現在では、銀行などの金融機関が、証券、保険などの異なる業態から商品を仕入れて販売することや、業務オペレーションを外部にアウトソースすることが一般的になってきているが、新たな接続システムをそのたびに開発していくケースが多い。また金融機関では、システムの更改や機能拡張などを長期にわたって行ってきたために、複雑化した既存システムの見直す必要性が出てきている。
こうした中で富士通は、1)他社との連携をスムーズに行うための「次世代ハブソリューション」、2)勘定系アプリケーションを部品化し短期間での導入を可能にする「金融ビジネスアプリケーションソリューション」、3)現行システムを活用しつつオープンプラットフォームへ円滑に移行させるための「トランスマイグレーションソリューション」の3つをリリースする。
これらの製品とコンセプトが似ているように見えるソリューションは各社から発表されているが、富士通の経営執行役、稲垣 博正氏は、「他社との違いは明確にある。
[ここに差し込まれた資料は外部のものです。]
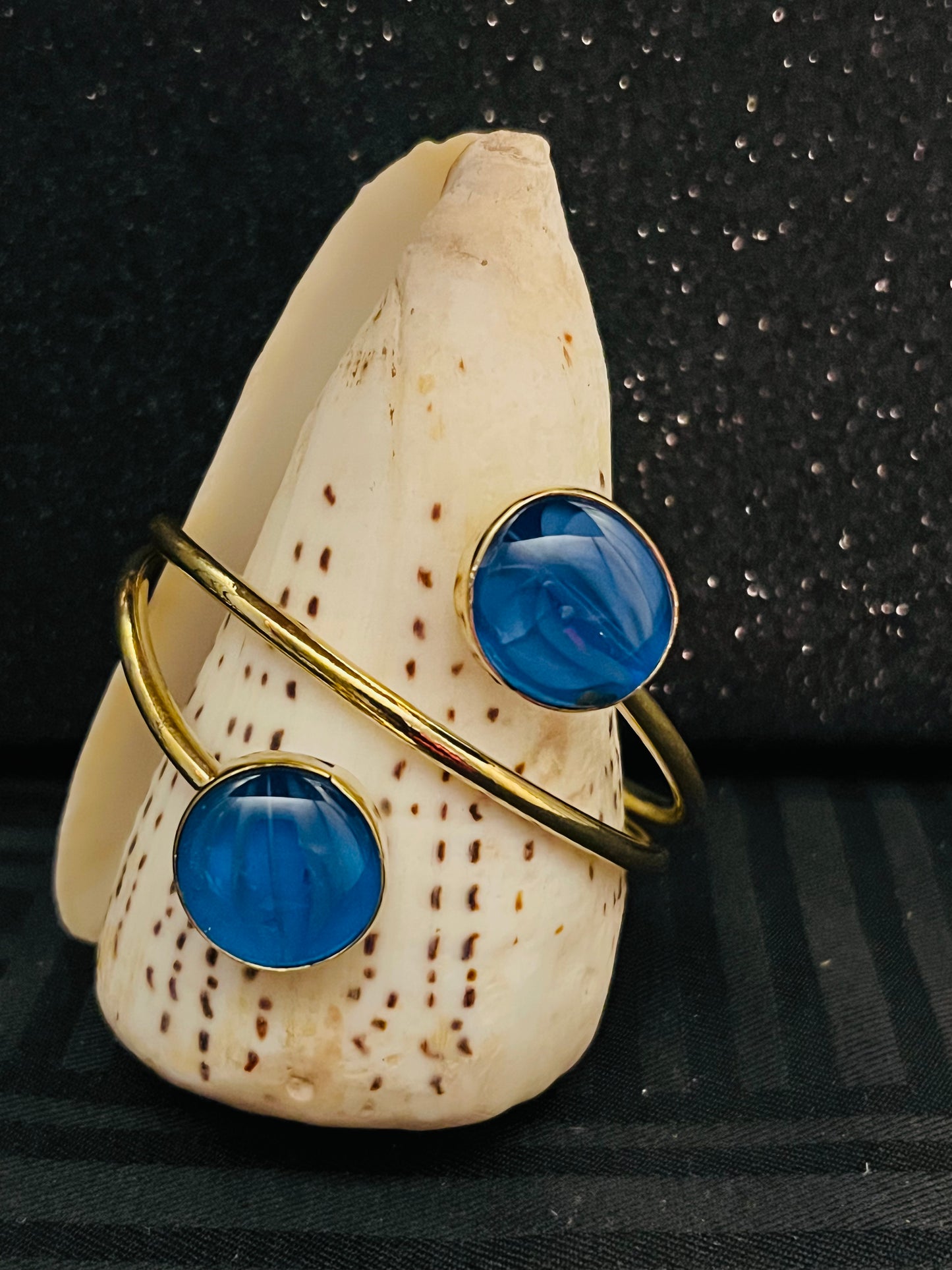 Double Spiral Bracelet w/Glass Pendanrt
1)では、連携の大切さは各ベンダーとも認識されていると思うが、次世代ハブを具体的にソリューションとして提供するものはない。2)では、国内で当社が長年販売、運用してきた実績のあるものをテンプレート化して提供するということ。また3)では、メインフレーム資産をオープンへ移行させるソリューションの中で、金融のコンポーネントへ大きく踏み込むものであること。これはまだ業界でも少ない」と語り、これらのソリューションが、同社が国内でメインフレームなどの基幹業務に関わる製品、サービスを提供してきた実績に裏打ちされたものだという点を強調した。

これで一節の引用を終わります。